Les compagnies aériennes européennes ont vu leur trafic augmenter de 5,6% en juin par rapport à juin 2018, ce qui correspond à une croissance de la demande de 5,5% le mois précédent. La capacité a augmenté de 4,5% et le facteur de charge a augmenté de 1,0%, pour atteindre 87,9%, à égalité avec l'Amérique du Nord, le plus élevé de toutes les régions. Cette solide croissance s’est produite dans un contexte de ralentissement de l’activité économique et de baisse de la confiance des chefs d’entreprise dans la zone euro et au Royaume-Uni.

Les transporteurs du Moyen-Orient ont enregistré une augmentation de la demande de 8,1% en juin par rapport au même mois de l’année dernière, ce qui était bien supérieur à la hausse annuelle de 0,6% enregistrée en mai. Le calendrier du ramadan, qui a presque exclusivement chuté en mai de cette année, a probablement contribué aux résultats très contrastés. La capacité a augmenté de 1,7% et le facteur de charge a bondi de 4,5 points de pourcentage pour atteindre 76,6%.

En juin, le trafic des compagnies aériennes de la région Asie-Pacifique a augmenté de 4,0% par rapport à la même période de l’année précédente, en baisse par rapport à une augmentation de 4,9% enregistrée en mai. Les tensions commerciales entre les États-Unis et la Chine ont eu un impact sur la demande sur le marché élargi de la région Asie-Pacifique-Amérique du Nord, ainsi que sur le marché interasiatique. La capacité a augmenté de 3,1% et le facteur de charge a augmenté légèrement de 0,7 point pour atteindre 81,4%.

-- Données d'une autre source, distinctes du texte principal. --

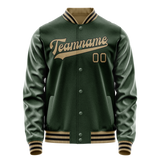 Custom Green Old-Gold Solid Color Varsity Letterman Jacket
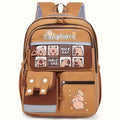 Backpack with Capybara Face Applique, Large School Storage, Adjustable Straps and 3 Print Styles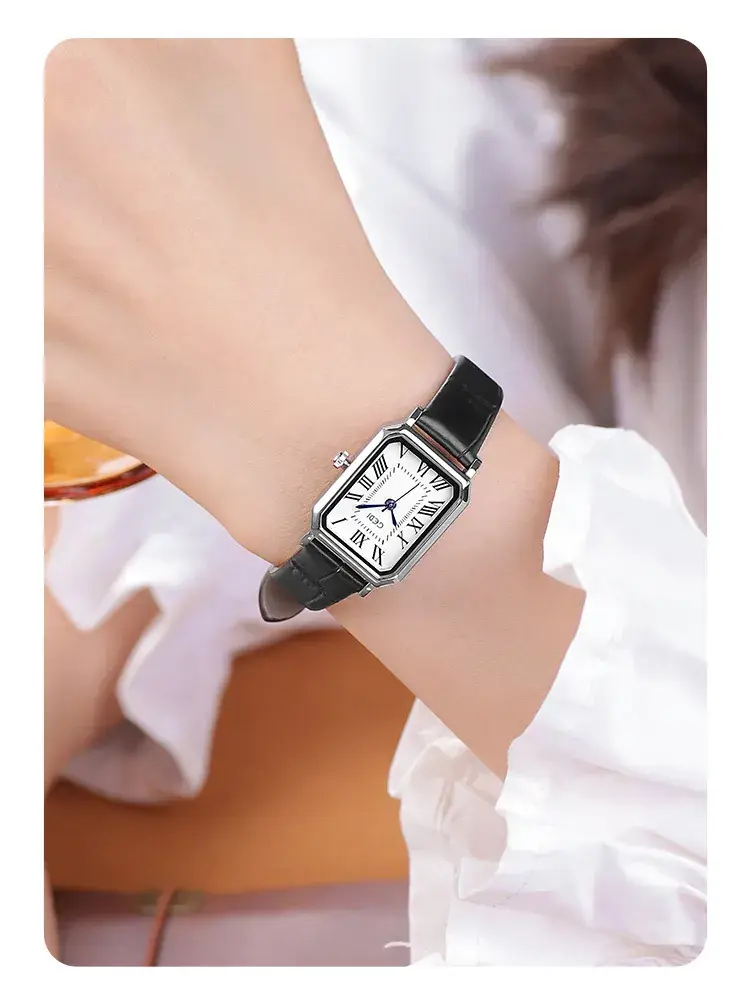 Gold Rose Gold Square Plate Women's Quartz Watch — feature 17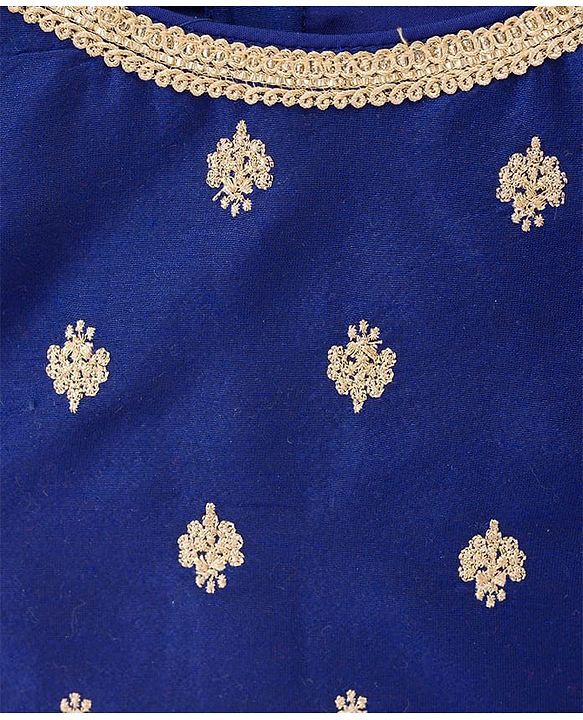 Pine Kids Woven Half Puffed Sleeves Floral Embroidered Choli Lahenga Set with Dupatta - Navy Blue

La demande des transporteurs nord-américains a augmenté de 3,5% par rapport à juin de l’année précédente, contre 5,0% en mai, reflétant de la même manière les tensions commerciales entre les États-Unis et la Chine. La capacité a augmenté de 2,0%, le facteur de charge ayant augmenté de 1,3 point de pourcentage pour atteindre 87,9%.

Les compagnies aériennes latino-américaines ont vu leur trafic augmenter de 5,8% par rapport au même mois de l’année dernière, en légère hausse par rapport à la croissance annuelle de 5,6% enregistrée en mai. La capacité a augmenté de 2,5% et le facteur de charge a bondi de 2,6 points de pourcentage pour atteindre 84,0%. La dégradation de la conjoncture économique dans un certain nombre de pays clés de la région pourrait entraîner un ralentissement de la demande.

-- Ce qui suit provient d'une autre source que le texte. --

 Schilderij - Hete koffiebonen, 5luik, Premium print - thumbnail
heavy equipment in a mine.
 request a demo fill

Le trafic des compagnies aériennes africaines a augmenté de 11,7% en juin, en hausse par rapport à 5,1% en mai. La capacité a augmenté de 7,7% et le facteur de charge a bondi de 2,6 points de pourcentage pour atteindre 70,5%. La demande profite d'un contexte économique généralement favorable, notamment de l'amélioration de la stabilité économique dans plusieurs pays, ainsi que de la connectivité aérienne accrue. (Sources IATA).